Seedcamp on the other hand is more inclusive and network oriented -- it's borders are a lot fuzzier, so it's influenced a lot of companies (mine included) that weren't funded by it.

Great summary. You've essentially pointed out the differences in their models. YC funds a lot of companies per batch only operating in one location. Seedcamp only takes 10-20 teams at a time but runs short events all over Europe.

Of course, there are many many other differences but these are the most obvious.

The two programs are quite different in how they run. YC is very much a case of moving to CA to build something from an idea, then take it on to investors. That's why the program is intensely structured over the several months with specific events and the end demo/investor days.

In contrast, Seedcamp runs day events around Europe throughout the year which lead up to the annual Seedcamp Week from which a number of companies "win" and get the investment. Having been part of the 2009 batch and getting an investment with http://www.serverdensity.com I didn't even move to London (although I am there now) and there was much less structure than YC has (not a bad thing).

I believe the months following the Seedcamp Week are now more involved for the winning teams but the differences are still there. Perhaps that's why many Seedcamp winners tend to already have a product built, revenue and customers (of course there are many YC teams now in the same position).

I don't see them as competitors, just different approaches to a similar idea. You have a choice who you apply to knowing this.

This concept of comparing one company to another is interesting. It shows that geography, in this much 'smaller' and better connected world, still creates practical divides.

Y combinator is not present in Europe, so Seedcamp can enjoy vastly more mind share than maybe its model merits.

We wanted to make a service similar to what Zaarly has created.
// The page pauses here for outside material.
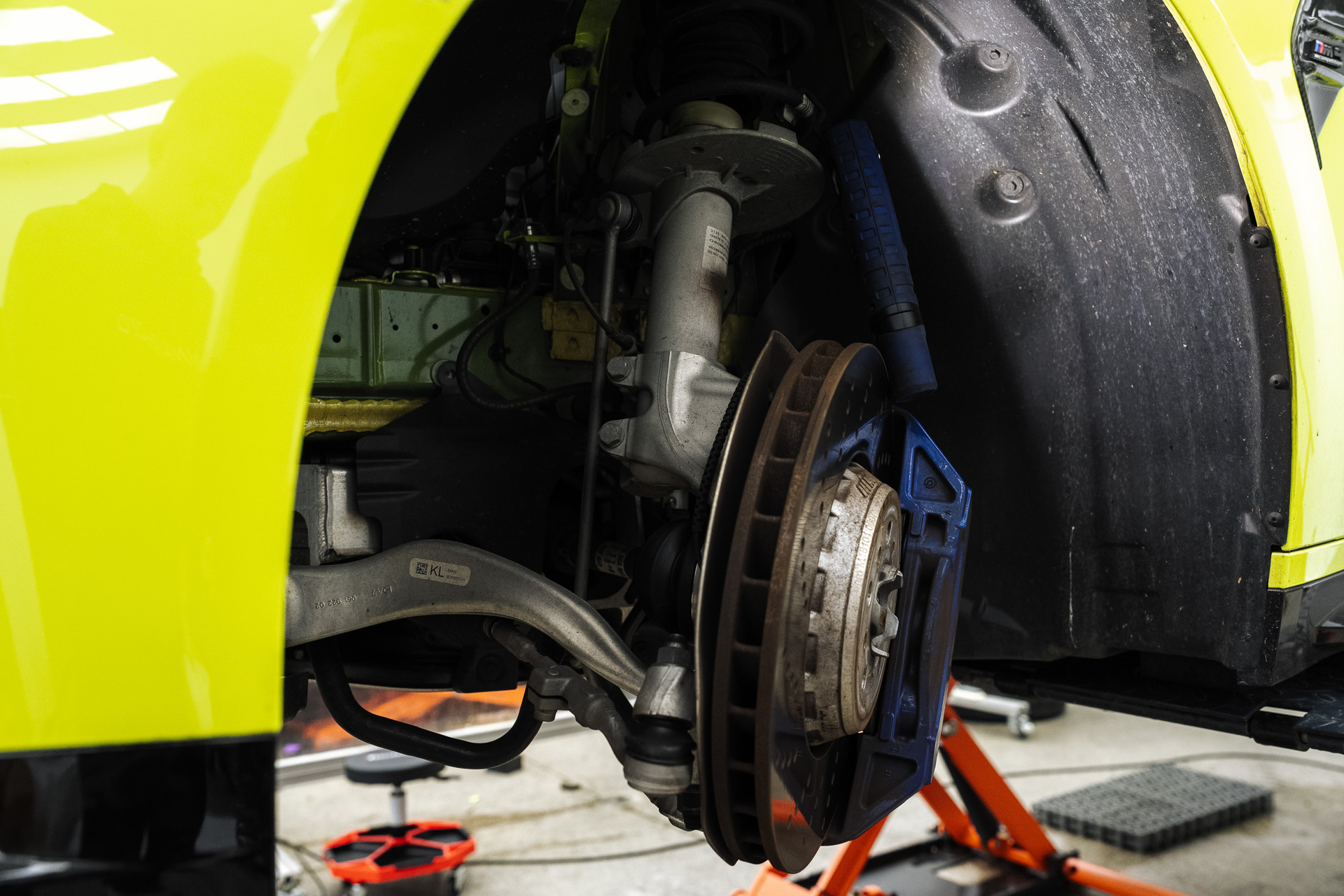Brake and suspension of a yellow BMW on a hoist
When evaluating whether we wanted to compete, we did not take into account that it may take Zaarly years to get to Europe and we could still enjoy first mover advantage in a massive geography (there are competitors, but we consider them to not 'get it').

Same with Seedcamp - FIVE years and few have really come along to do something better. Seedcamp is the accelerator we aspire to have notice us. Would that change if YC came to Europe/London? Do Seedcamp have a local knowledge/network advantage that would be unshareable?
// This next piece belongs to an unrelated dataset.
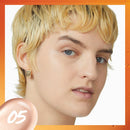 Close-up of a person with blonde hair and blue eyes, wearing an earring, on a white background.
To those comments about zero sum - it is like wanting the FT to report on your news, but having to settle for a financial blog read by only a few thousand.

Bigger really is better and that applies broadly to accelerators, start ups and general economies of scale. Brand awareness often requires scale, which comes as a result of time and effort.

I would argue that this is actually good news for Y Combinator.

Agreed. The world of startups and incubation is not zero-sum.

The biggest competition for founders is not other startup funds, but regular employment.

Yes, and in that respect the startup world is definitely winning...

Journalism cliche alert: if there are a series of articles with the thesis "____ is the iPod-killer" or "____ is the new challenger to iPod", what that really means is that the iPod is the best. Replace iPod with Quake, or Y Combinator, or anything else that is best-in-class.

While YC may want to be the default choice for the best ideas, they also love and support the startup scene. Given they can only accept a fixed number of companies each class, they're cheering this. More startup support worldwide makes that many more bored cubicle-dwelling programmers worldwide think that much harder about leaving to pursue their dream, which benefits YC.

The more the merrier, apply to all of them and see who accepts you if an incubator is your thing.

For now YC is way ahead of any competition.

SeedCamp say they are a "seed" fund, but act as pure VC. Can you name a single SC funded startup that made it big? YC has nothing to worry about.

This is extremely not a zero sum game, the more the better!